A framework for the design and analysis of phase III randomised trials in uncommon diseases

There is a methodological gap between common diseases, where large trials can be undertaken, and truly rare diseases, where increasingly trial designers perform a complete paradigm shift and use Bayesian methods to design and analyse a trial. A key issue for these ‘uncommon diseases’ is that it can be infeasible to recruit enough patients in a reasonable timeframe using traditional frequentist trial design parameters. However, there remains a pressing need to improve treatments in these situations. We present a framework for designing trials to fill the gap between common and rare diseases.

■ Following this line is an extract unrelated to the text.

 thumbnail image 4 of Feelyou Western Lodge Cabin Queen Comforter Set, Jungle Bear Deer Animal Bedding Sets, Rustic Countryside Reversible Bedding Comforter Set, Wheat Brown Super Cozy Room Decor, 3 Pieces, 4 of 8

Staying with the frequentist approaches used in large trials that are well understood and accepted, we propose several alterations to the design parameters. When we put these together, they provide important reductions to the required sample size. The parameters we consider are: the targeted effect size, type I error rate, power and skewing the allocation ratio. Other aspects we consider are: choosing appropriate outcome measures, leveraging covariate information, re-randomising participants and borrowing external information. We discuss the benefits of some of these changes and warn against others, and consider the consequences of making a wrong decision. We illustrate, with a worked example, the savings that can be achieved without requiring a complete move away from the paradigm that is established and widely accepted in more common diseases. This framework should allow us to improve outcomes for patients with uncommon diseases through conducting rigorous phase III randomised trials.